Though I have been in the immediate neighbourhood of this well-known seat myself—well known from the name of its late owner, whose title for half a century has been “familiar in our ears as a household word,”—I shall let Sir Bernard Burke describe the scenery around it, for no one could do it better, no writer that I know can do it so well.

“Few seats are surrounded by a fairer landscape than this of Broadlands. The park, of an irregular shape, extends about a mile and a quarter to the River Test, which here unites its various branches into a single channel, and spreads out into a broad expanse of ornamental water. This park exhibits many noble trees of various kinds, scattered singly, or in groups, arranged with exquisite taste and effect. On the side that abuts on Romsey it is about half a mile in length.

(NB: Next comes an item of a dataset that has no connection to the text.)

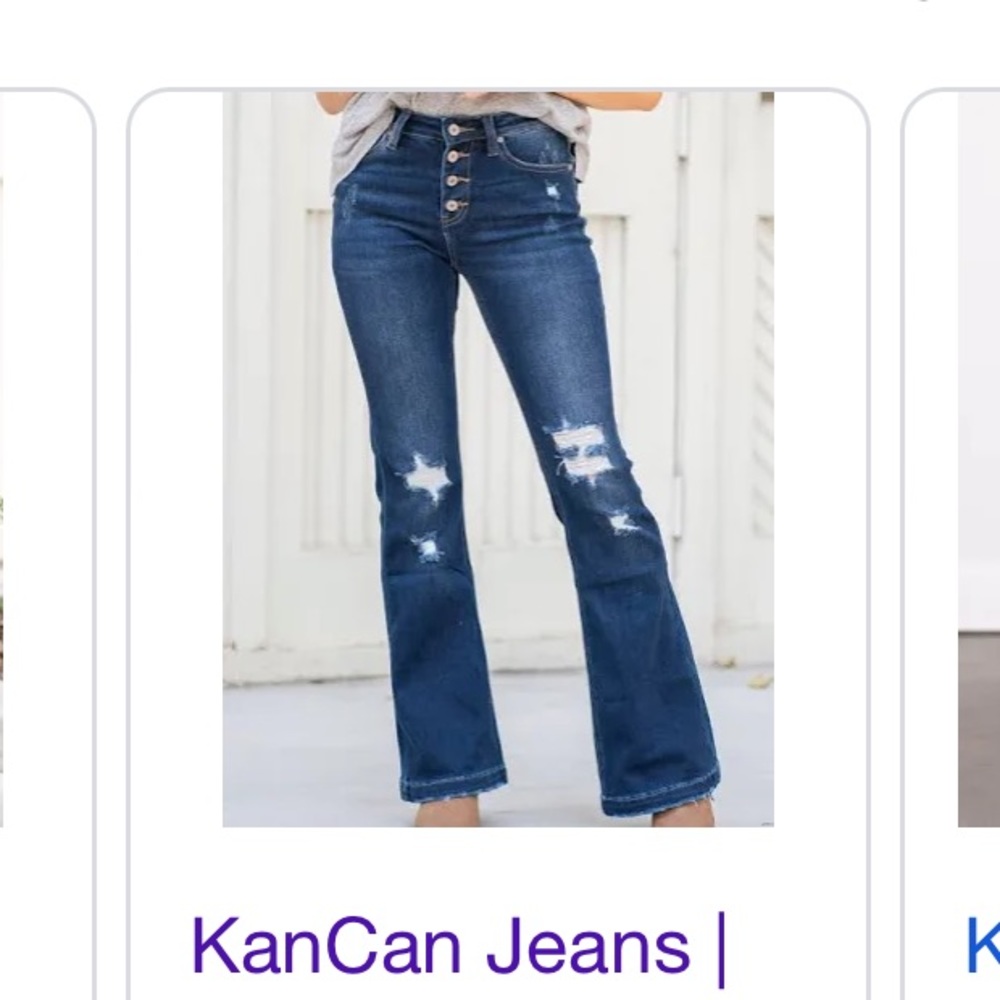 Kancan Jeans Mid rise flare jean NWT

The width of the valley of the Test is here almost three quarters of a mile, if measured from the commencement of the rise on either side. Above Romsey it extends westward into a sort of basin, and again widens in the same direction opposite the middle of the entire length of Broadlands. Between these points it is narrowed by hills that jut out in gentle swellings, one of which slopes, lawn-like, towards the meadows, while the other stands out like a fortress made by nature, and indeed bears the marks of having been once artificially fortified upon all except its steepest sides. The summit is remarkably flat, and covered with a green turf as soft to the tread as velvet. Mingled with the grass is an abundance of wild thyme and other aromatic herbage, so that on a fine summer’s day the whole place glitters with the glance of tiny wings, and the air is alive with the busy hum of bees, attracted thither by the fragrance.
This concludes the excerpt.